- Pitcher
- Born: May 1, 1972 (age 54) Manila, Philippines
- Batted: RightThrew: Right

MLB debut
- May 26, 1996, for the Oakland Athletics

Last MLB appearance
- September 9, 2001, for the Colorado Rockies

MLB statistics
- Win–loss record: 11–8
- Earned run average: 4.57
- Strikeouts: 110
- Stats at Baseball Reference

Teams
- Oakland Athletics (1996); Milwaukee Brewers (1998); Arizona Diamondbacks (1998–1999); Colorado Rockies (2000–2001);

= Bobby Chouinard =

Filipino baseball player (born 1972)

Robert William Chouinard (born May 1, 1972) is a Filipino-American former professional baseball pitcher who played five seasons in Major League Baseball (MLB). A right-handed pitcher, he was selected by the Baltimore Orioles as the 145th overall pick in the fifth round of the 1990 MLB draft.
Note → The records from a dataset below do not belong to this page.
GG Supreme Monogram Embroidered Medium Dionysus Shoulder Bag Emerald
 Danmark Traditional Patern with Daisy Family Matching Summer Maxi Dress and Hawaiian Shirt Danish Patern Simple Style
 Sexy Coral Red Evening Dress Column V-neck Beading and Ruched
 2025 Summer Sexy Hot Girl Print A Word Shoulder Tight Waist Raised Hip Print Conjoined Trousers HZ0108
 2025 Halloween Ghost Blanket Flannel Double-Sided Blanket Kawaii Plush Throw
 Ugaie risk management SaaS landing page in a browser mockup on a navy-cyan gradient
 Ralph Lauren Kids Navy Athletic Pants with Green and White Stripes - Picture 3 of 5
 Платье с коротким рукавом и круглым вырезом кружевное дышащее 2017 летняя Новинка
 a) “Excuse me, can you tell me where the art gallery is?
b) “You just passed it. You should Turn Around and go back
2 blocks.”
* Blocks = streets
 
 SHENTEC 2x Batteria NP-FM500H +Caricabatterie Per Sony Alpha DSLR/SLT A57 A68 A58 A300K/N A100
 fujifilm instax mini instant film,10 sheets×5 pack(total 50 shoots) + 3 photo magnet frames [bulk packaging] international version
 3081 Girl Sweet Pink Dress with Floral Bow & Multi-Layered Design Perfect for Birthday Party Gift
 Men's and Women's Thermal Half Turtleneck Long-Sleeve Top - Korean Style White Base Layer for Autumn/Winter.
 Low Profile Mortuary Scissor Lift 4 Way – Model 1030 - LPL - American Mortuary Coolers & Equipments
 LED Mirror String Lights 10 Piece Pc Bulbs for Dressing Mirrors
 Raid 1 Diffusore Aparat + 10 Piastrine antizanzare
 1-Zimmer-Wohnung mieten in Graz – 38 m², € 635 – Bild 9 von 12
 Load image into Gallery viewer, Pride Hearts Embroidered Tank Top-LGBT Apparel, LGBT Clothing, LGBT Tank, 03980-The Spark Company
He has played for the Oakland Athletics, Milwaukee Brewers, Arizona Diamondbacks, and Colorado Rockies throughout his career. Born in Manila, Philippines, Chouinard became the first player born in the Philippines to appear in the MLB since Claudio Manela in 1925 and the first to do so following the league’s racial integration.

== High school career ==
Chouinard attended Forest Grove High School in Forest Grove, Oregon, where he played for the school’s baseball team.

== Professional career ==
After being traded from the Baltimore Orioles to the Oakland Athletics along with Allen Plaster on January 15, 1993, in exchange for Harold Baines, Major League Baseball debut with the Athletics on May 26, 1996. He went on to appear in his final major league game on September 9, 2001, as a member of the Colorado Rockies. His MLB career also included stints with the Milwaukee Brewers and Arizona Diamondbacks, during which he served primarily as a relief pitcher.

== Legal issues ==
In December 1999, Chouinard was arrested on Christmas Day following an incident in which he held a loaded firearm to his wife’s head and threatened her life. The following year, he pleaded guilty to aggravated assault and was sentenced to serve four three-month prison terms during Major League Baseball’s offseasons. The sentence allowed him to continue his professional career, with court permission to spend up to 42 hours each week training at Coors Field and visiting his family. As part of the plea agreement, Chouinard was ordered to donate $25,000 to a domestic-violence charity and to appear in ten public-service announcements promoting awareness of domestic abuse.